Figure 11 shows the two-basic function $P_{TOT}$ and $T{A}_{TOT}$ calculated for the two methods. (EPQ versus the proposed bi-objective method). The Scenario proposed by the EPQ model is a dominated solution respect the Pareto Frontier. As consequence, both the objective functions are in this case greater than the optimal solution proposed but the bi-objective model. In fact, the case study is composed by many large parts, with even low demand. As a consequence, the EPQ model has a certain number of items with production batch equal to 1 with a high impact on the setup times. On the other hand, EPQ proposes items with large production batches and high space utilization.
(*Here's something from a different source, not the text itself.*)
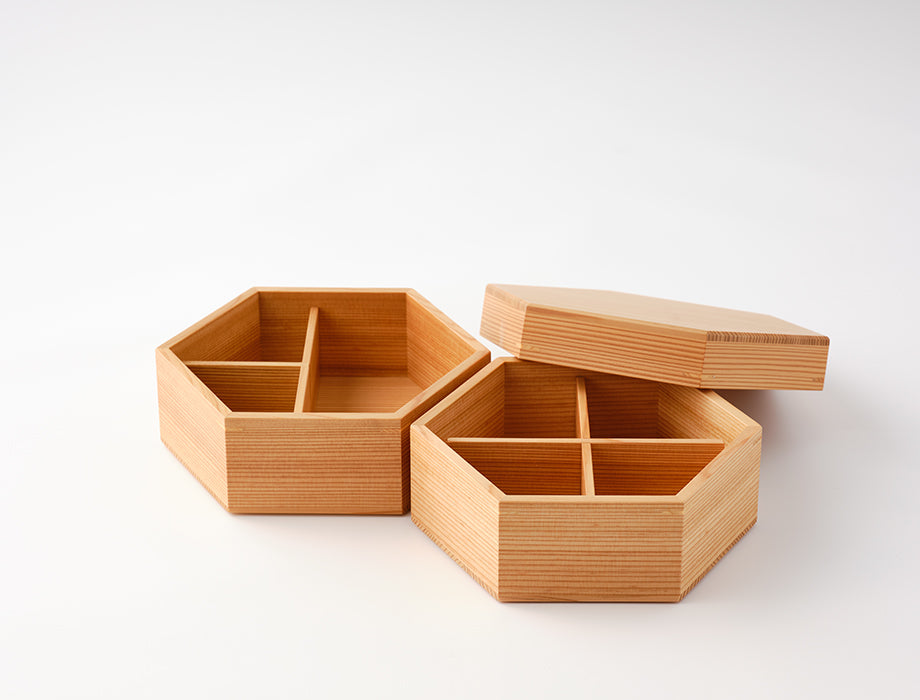 Hexagonal jubako, elegant.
As shown in Figure 11 the proposed bi-objective methodology performs better than EPQ for the considered case study.

Looking at the single-objective functions, it was reported that solutions lie on the Pareto frontier. There can be solutions with the same values of one objective function but greater values of the other. The proposed bi-objective methodology performs better by considering both objective functions at the same time. As shown in Figure 11, with a small increase in one objective function, it is possible to obtain a large decrease in the other.

5. Conclusions

The paper aims to propose a bi-objective mathematical model for the optimization of the produced parts according the MTS/MTO policy. The procedure aims to minimize both the setup time and the storage used space. The case study is referred to the plate parts. The proposed model can easily apply to other parts categories. The model is based on a step-by-step procedure. The inventory parameter $EP{Q}_i$ (number of maximum storable piece in an EPAL) and the production parameter $a_i$ (agility) are calculated for each part. According the two objective functions, Total Setup Time and Total EPAL Stored, the bi-objective optimal point is calculated through the Pareto frontier definition and through the minimal distance to the Utopia point. Finally, according to this optimal value of the two objective functions, the breakeven values of the inventory and production parameters a** and EPQ** are defined.

The results demonstrate how the application of the bi-objective optimization model generates a scenario where an important inventory saving is reached, allowing a quick response to the order changes without impacting production. Future research will focus on the extension of the model, where the agility concept is extended also to the supply chain, considering the purchase-to-order versus the purchase-to-stock policies and the related variables and constraints. Moreover, the process variability can be considered in the optimization model, including, for example, variable setup times.